Got this email today, thought I would share.

This old story is out of Texas. Seems a guy cruises thru a stop sign, or whatever, and gets pulled over by a local policeman. Guy hands the cop his driver's license, insurance verification, plus his concealed carry permit.

"Okay, Mr. Smith," the cop says, "I see your CCW permit. Are you carrying today?"

"Yes, I am."

"Well then, better tell me what you got."

Smith says, "Well, I got a .357 revolver in my inside coat pocket. There's a 9mm semi-auto in the glove box.
And, I've got a .22 magnum derringer in my right boot."

"Okay," the cop says. "Anything else?"

"Yeah, back in the trunk, there's an AR15 and a shotgun. That's about it."
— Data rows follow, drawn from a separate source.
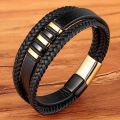 Fashion 3 Layers Black Punk Style Design Leather Bracelet for Men Stainless Steel Magnetic Button Birthday Gift Male Bracelets. 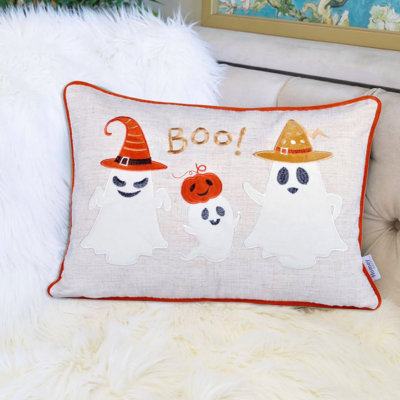 Oreiller Halloween Boo Ghost avec housse en velours durable et insert en polyester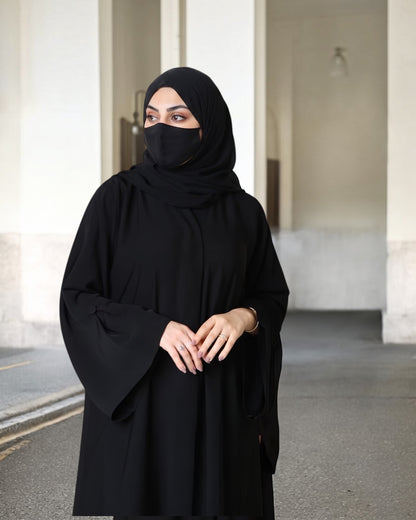 Minimal Grace Black Burqa Abaya in Pure Prada Fabric with Designer Sleeves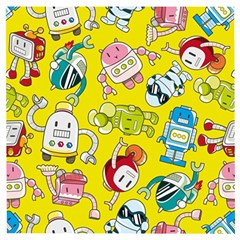 Robot Pattern Wooden Puzzle Square by Ndabl3x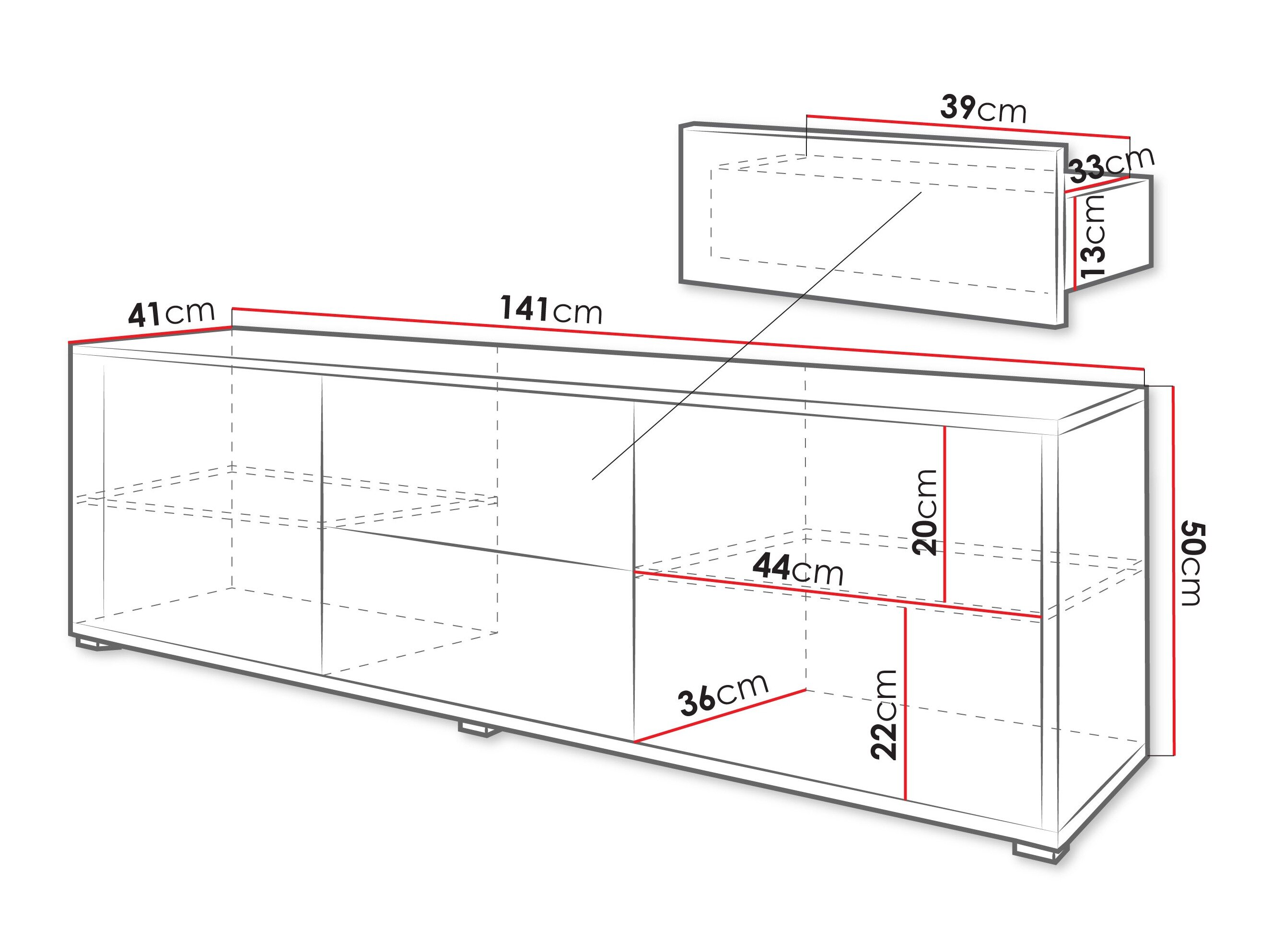TV-bord Comfivo Tutela (Egetræ)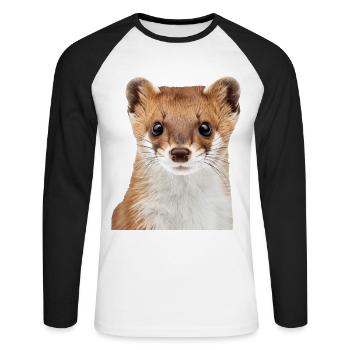 Hermelin - Unisex Baseballshirt langarm - Weiß/Schwarz - Vorne - Nik (191cm)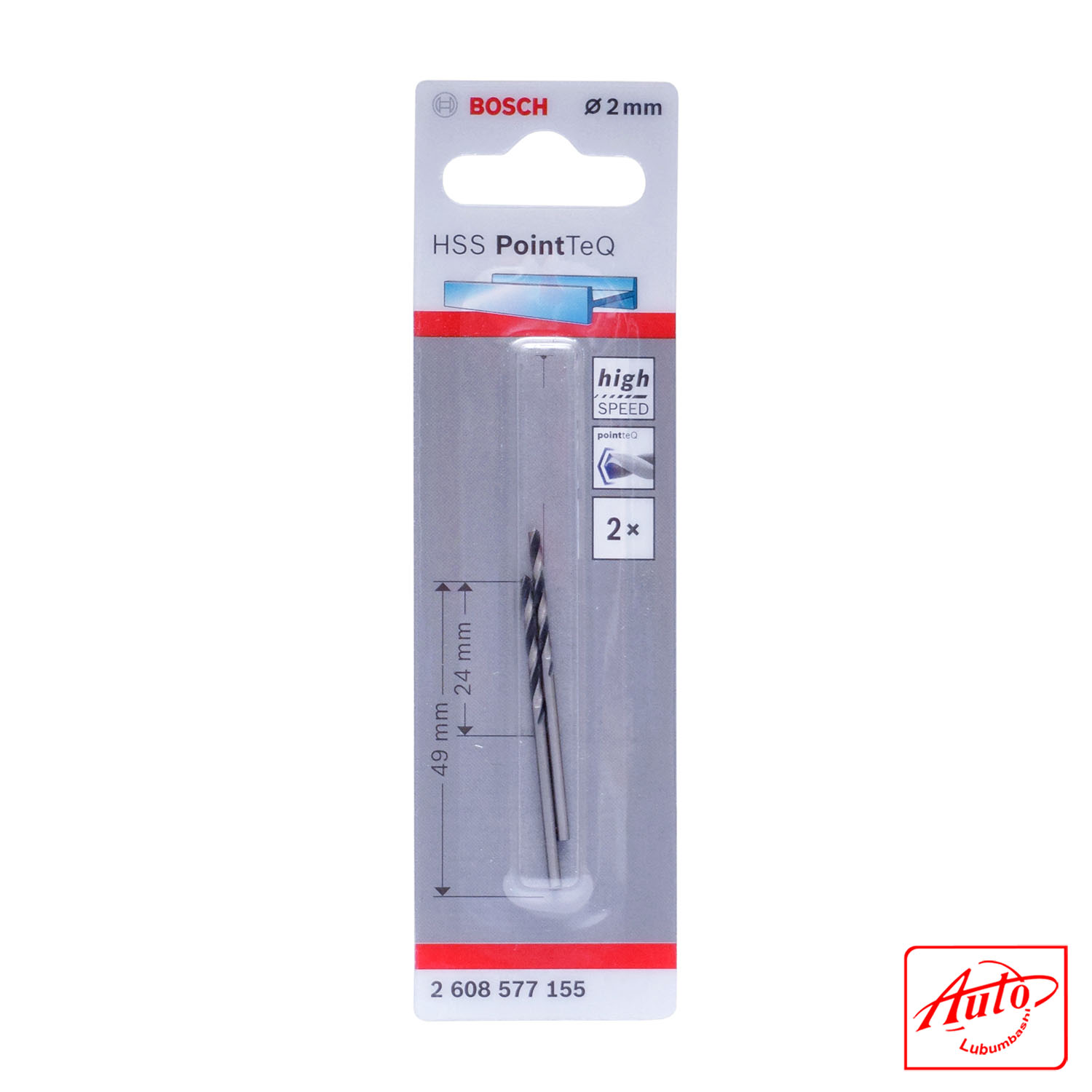 HSS Twist Drill Bit PointTeQ Ø2 mm (Pack of 2 pcs) – Image 2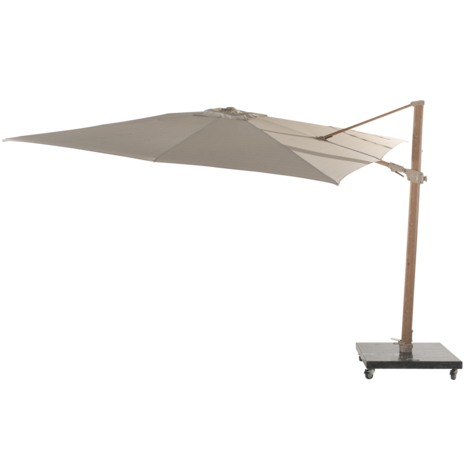 4 Seasons Outdoor Siesta premium zweefparasol 300x300 cm houtlook sand 4 Seasons Outdoor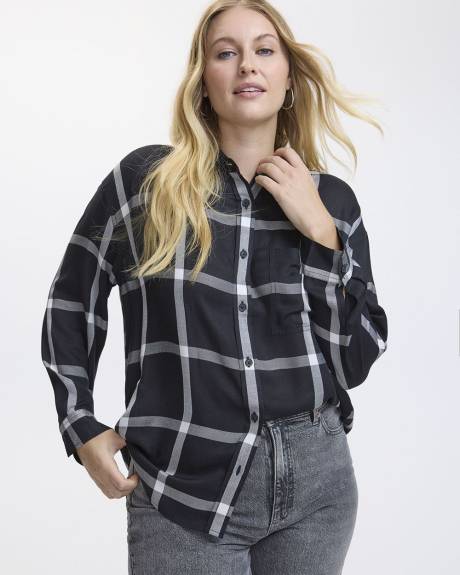 Long-Sleeve Plaid Blouse with Chest Pocket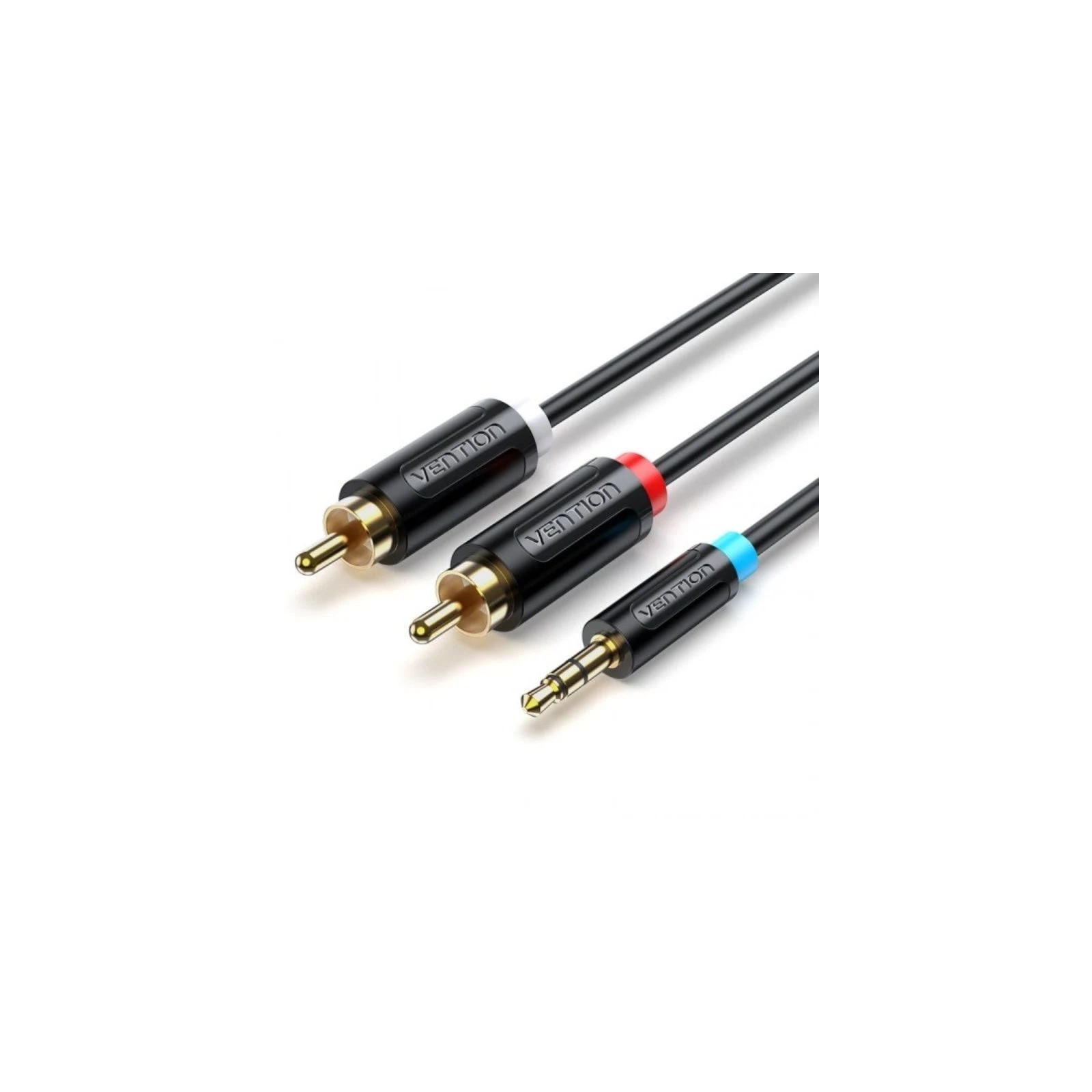 Stereo Audio Cable 3.5mm Male to 2 RCA Male 2m Black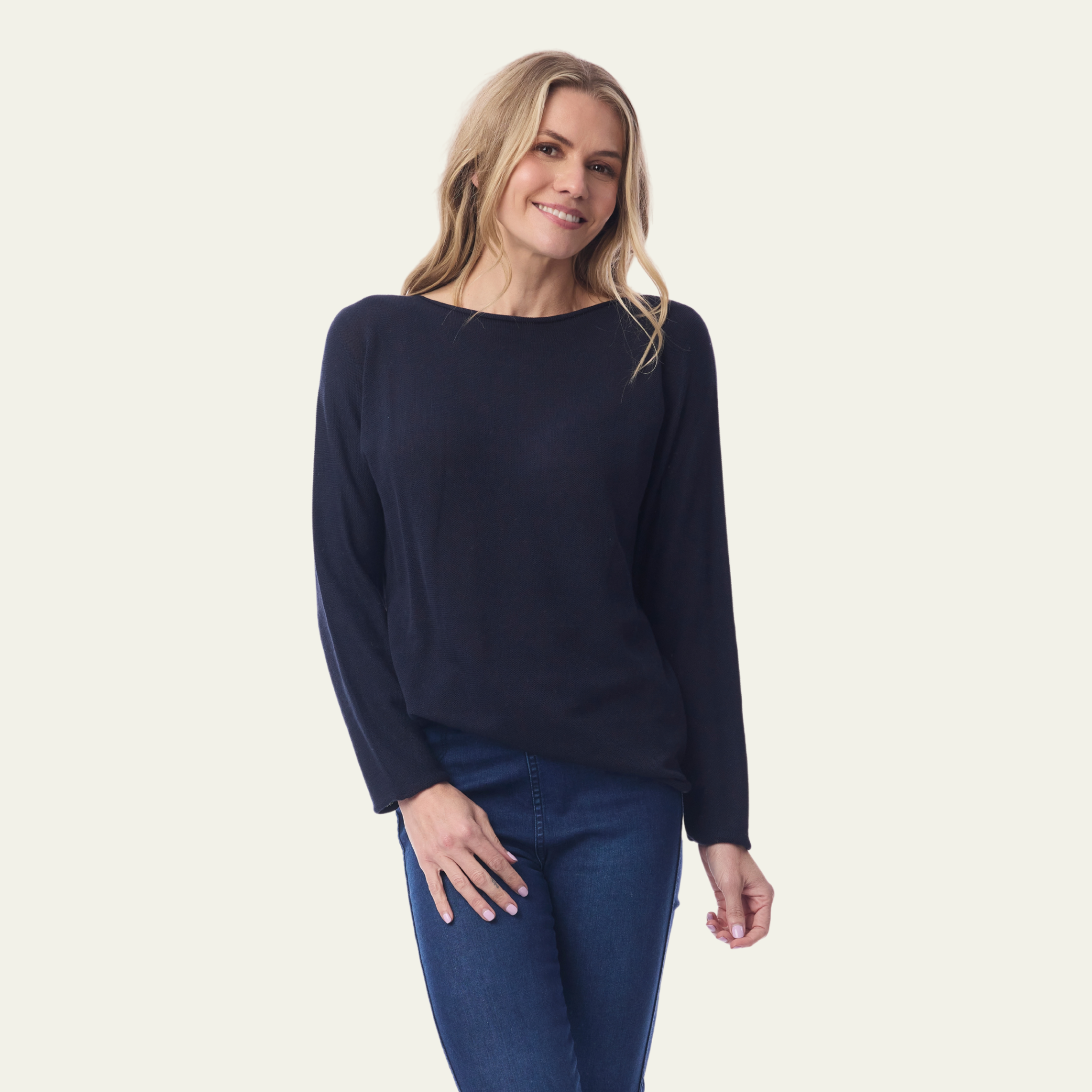 Organic Cotton Boat Neck Knit Top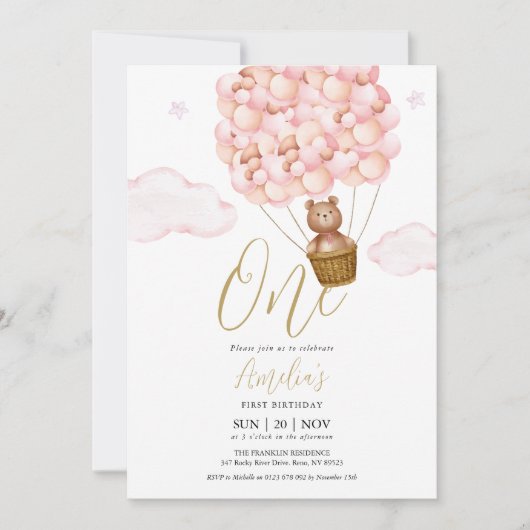 Teddybeer Roze Ballonnen Verjaardagsfeestje Kaart (Voorkant)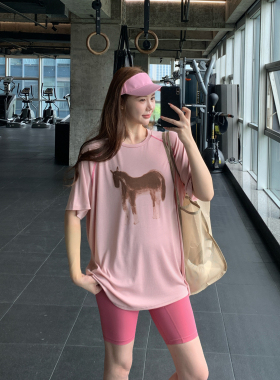 宽松显瘦健身服大码胖mm跑步瑜伽上衣速干印花运动T恤女长款罩衫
"Mr. Smith, are you on your way to or from a gun range...?"

"Nope."

"Well then, what are you afraid of...?"

"Not a *[Excuse my language.... I have a limited vocabulary]* thing..."


----------



## huntfishski (Mar 17, 2010)

That is awesome!!! I will be in Texas for the holidays but we are flying down so I can't bring any iron. At least I know that I will be in a safe place.


----------



## El Gato Loco (Jan 15, 2010)

Hahaha! That's pretty good.

The local LEO's love CHL holders. Oh and huntfishski, you won't need a gun while here. Every man woman and child is carrying at least one.









You CAN fly with your guns though. Just use a hard case and check the luggage and be sure to declare that there is a gun inside. The ammo can even be with the gun on most airlines.


----------



## huntfishski (Mar 17, 2010)

Yea I know, we're just visiting family so I will be among friends. Besides I haven't met a Texan I haven't liked...so far.


----------



## hassell (Feb 9, 2010)

huntfishski said:


> Yea I know, we're just visiting family so I will be among friends. Besides I haven't met a Texan I haven't liked...so far.


 So very true, Heck they even pack while their fencing.


----------



## bar-d (Feb 3, 2010)

huntfishski said:


> Yea I know, we're just visiting family so I will be among friends. Besides I haven't met a Texan I haven't liked...so far.


I have........


----------



## El Gato Loco (Jan 15, 2010)

I was going to say... I haven't met too many that I did like lol









Plus if you had my family, you might think differently about packing at family events. I usually bring 2!


----------



## On a call (Mar 3, 2010)

huntfishski said:


> That is awesome!!! I will be in Texas for the holidays but we are flying down so I can't bring any iron. At least I know that I will be in a safe place.


Yes I was going to tell you what I see Chris did...no troubles taking your guns with you. Except...the price of extra baggage, sign of the times.


----------